I could sense that my two minutes were almost up; the pressure was mounting. I was still fully clothed, holding a spray bottle in one hand and the death goggles in the other. Time was running out! I felt like a member of a bomb squad – faced with an impossible task and T-minus 30 seconds before the device detonated. In a moment of extraordinary courage I whipped off my shirt, clenched my eyes shut, and started spritzing furiously.
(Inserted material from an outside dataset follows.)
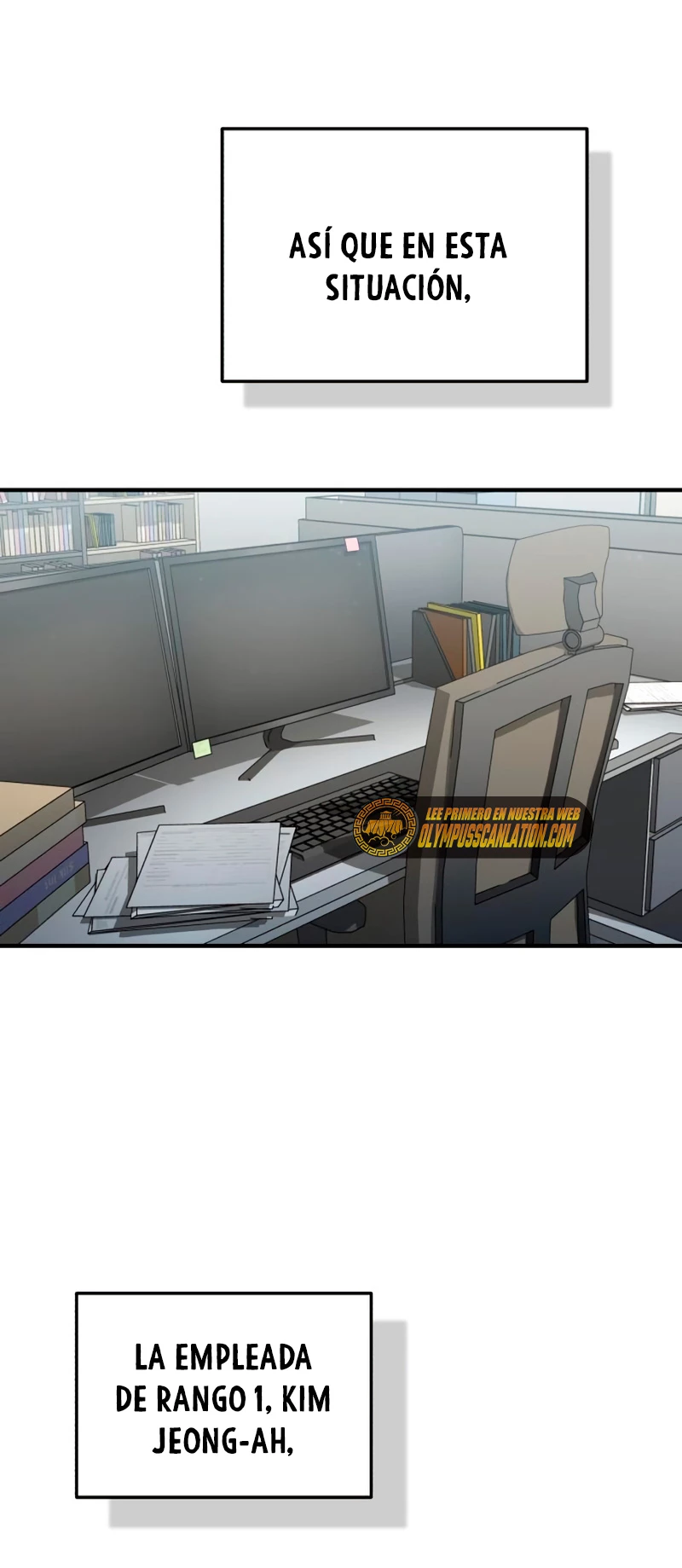 Genio del Linaje único Capitulo 26 página 20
I grabbed a towel and blindly mopped off what I could while trying to unbutton my jeans.
You guys, I’m such a professional.
I decided to leave my undergarments on, mostly because I was in too desperate a state to consider the alternative; I had no mental energy left to make that kind of decision. I suctioned the goggles back onto my head and slid my leg onto the bed just as the lights were buzzing to life.
Then my elbow found a puddle of unmopped juice and I landed clumsily into full tanning position with an ungraceful thud.
Okay, so far so good.
Another thing nobody thought to mention is that there is a time-space continuum thing happening inside of tanning beds. You know how God says that a hundred years are like a day to Him and a day is like a hundred years? I think God was in a tanning bed when He said that, because one tanning-bed-minute feels like at least twenty-five real-life-minutes. A six minute stay in a tanning bed feels like an excruciating eternity lost in the Sahara.
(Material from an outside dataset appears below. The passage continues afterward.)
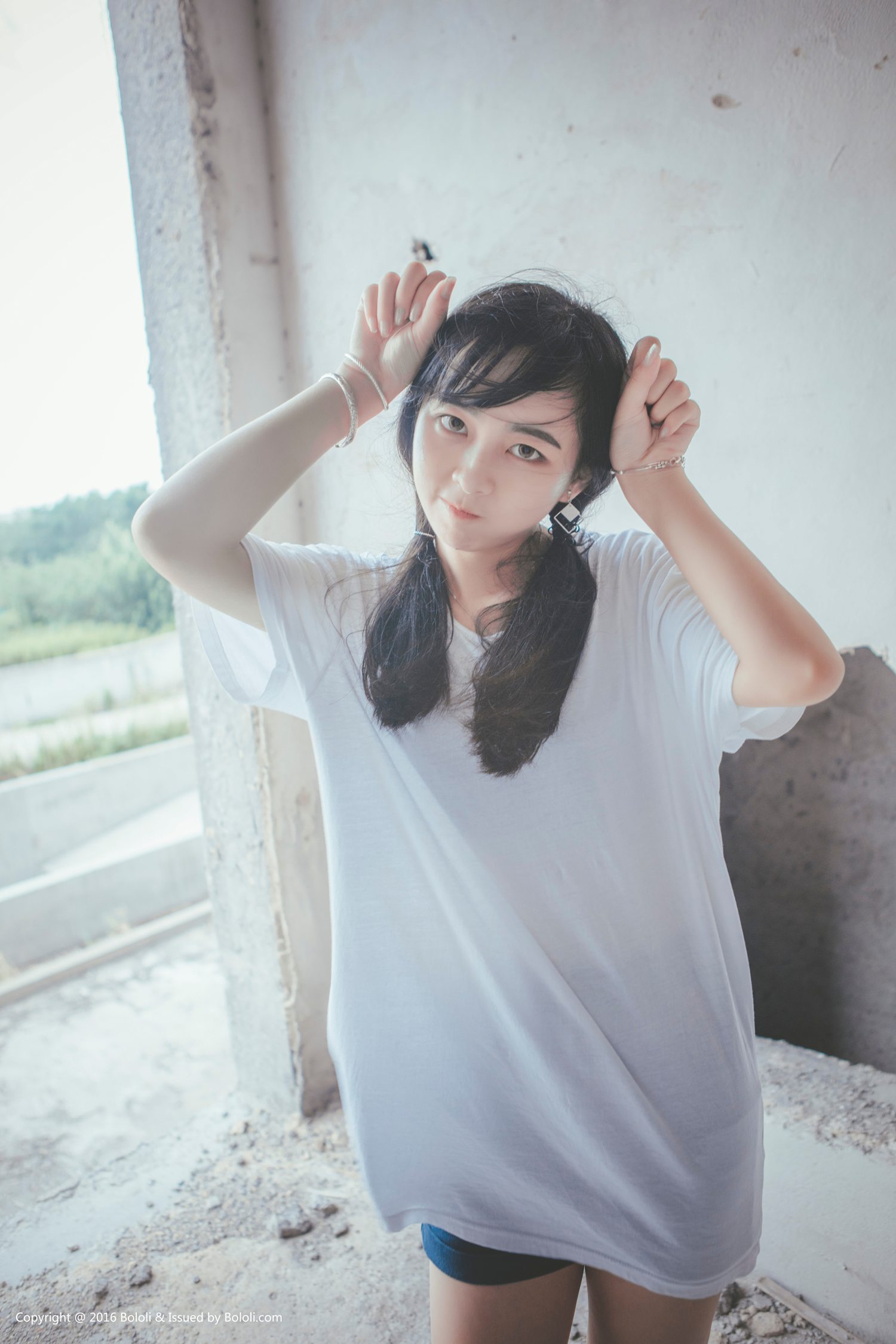 图片[31]-[Kimoe激萌文化]2017.08.09 KIM020 超凶的诺[40P] – 速更版-美库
I didn’t breathe for the first minute, which felt like an hour.
During the second minute I exhaled.
During the third minute I peeped open my eyes; the skin around them was so puffed up from the goggles that I couldn’t see properly. Everything looked blue and glowy and distorted. I thought, “Lord, this must be what it looks like when people get abducted by aliens.”
During the fourth minute I thought, “Wow, it’s nice and warm in here. I feel so relaxed! Ahhhhhh. I’m going to look like a Greek goddess when I get out of this thing, which should be any minute now.”
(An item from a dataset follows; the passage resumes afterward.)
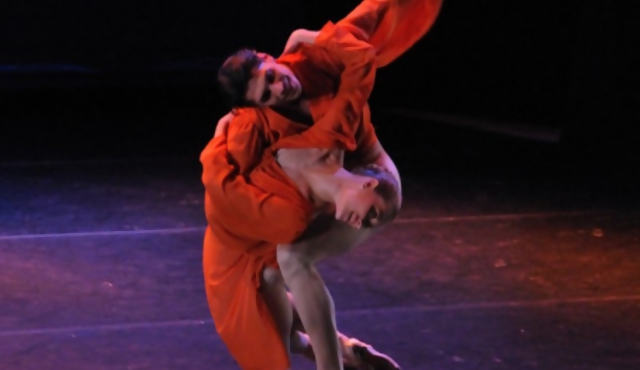 Ballet con "garra charrúa" por primera vez a Europa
During the fifth minute I thought, “It has definitely been longer than six minutes. Oh my gosh, she forgot about me. I don’t know where the off-switch is!! And I can’t find it with these blasted goggles on my face! Dear Jesus, I love You; please turn it off, please turn it off, please turn it off, please turn it off.”
During the sixth minute I thought, “I AM GOING TO DIE INSIDE THIS CONFOUNDED MACHINE! How is it legal for something to get this HOT? I am dehydrated. I am burned. I am actually dying. HELP!!! My skin! My retinas! And for the love, WHAT IS WRONG WITH THESE GOGGLES!?!?! ”
Then it clicked off.
I climbed out, stunned and sweaty. I sanitized the bed as a courtesy, put my clothes back on, and left – smelling a little like a coconut stuffed inside a sweaty sock.
Public Service Announcement: Don't go tanning.